Atlanta’s Wander for Greater Paths Baptist megachurch lost all but five faithful followers (from its former 25,000 parishorers) after Pastor Lee-Curtis Childs (Brown) was exposed in a sexual misconduct scandal. So now he and his chagrined First Lady wife Trinitie (Hall) have embarked on a miscalculated comeback strategy, relying more on publicity than prayer.
To that end, the Pastor has asked a filmmaker (Andres Laing) to “chronicle the ultimate comeback” on Easter Sunday. Not so coincidentally, a rival Baptist church, known as Heaven’s House, run by married ministers Shakura and Keon Sumpter (Nicole Beharie, Conphidance), which many of the megachurch’s congregants have joined, is planning to launch its own larger headquarters, also scheduled for Easter.
When the Pastor tells Trinitie that their triumphant comeback is going to be like Sylvester Stallone’s film “Rocky,” Trinitie reminds him, “But Rocky lost.”
Analyzing her strained smile, Trinitie’s tolerant behavior can be traced back to her strict Christian upbringing in which she was taught that a wife stands by her husband – no matter what!
On the other hand, Pastor Lee-Curtis is simply a hypocrite, a superficial ‘groomer’ who preaches against the sins of “homosexuality” while cultivating his prey.
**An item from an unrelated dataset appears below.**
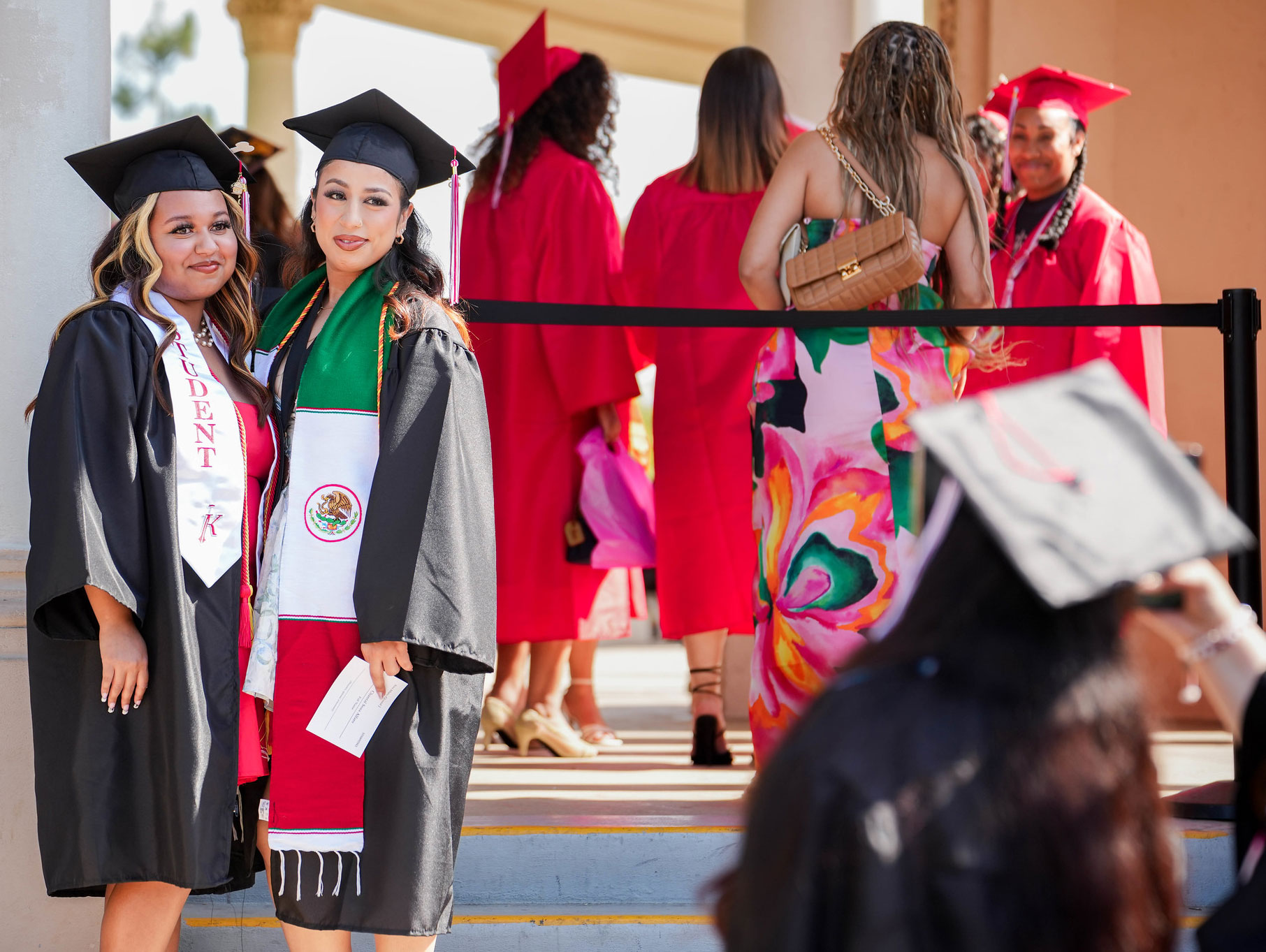 Two graduates at commencement.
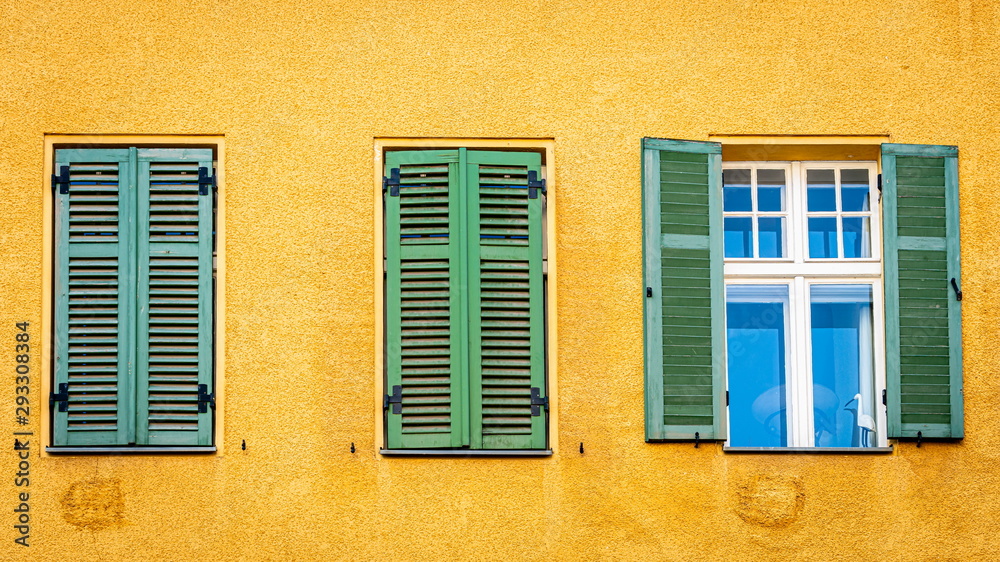Windows with the green shutters and wooden stork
To call his televangelist character underdeveloped is an understatement.
Expanding on their 2018 short of the same name, executive producer Jordan Peele works with twin filmmakers writer/director/producers Adamma Ebo and producer Adanne Ebo. Although scripted as a cringe comedy, it is annoyingly repetitive and it proceeds at far too slow a pace.
The most inventive aspect is the Ebo sisters’ use of faux TV news clips, particularly callers to a Black talk-radio show, who not only express their views on the megachurch scandal but also question why Trinitie stays with her humiliated husband.
On the Granger Gauge, “Honk for Jesus” is a jumbled 5, playing in theaters and streaming on Peacock.